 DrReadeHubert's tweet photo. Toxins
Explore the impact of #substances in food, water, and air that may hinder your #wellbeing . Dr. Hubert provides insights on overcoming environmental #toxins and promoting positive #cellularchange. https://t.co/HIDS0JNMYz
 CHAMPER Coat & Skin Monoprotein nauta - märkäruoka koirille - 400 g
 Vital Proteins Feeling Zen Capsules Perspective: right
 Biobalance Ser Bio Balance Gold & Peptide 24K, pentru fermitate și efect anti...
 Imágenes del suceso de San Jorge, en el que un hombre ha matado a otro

• Aim of the exercise
Give back, unchanged, the line that holds "Biobalance Ser Bio" along with all lines after it through the last line above.

• Your response
 Biobalance Ser Bio Balance Gold & Peptide 24K, pentru fermitate și efect anti...
 Imágenes del suceso de San Jorge, en el que un hombre ha matado a otro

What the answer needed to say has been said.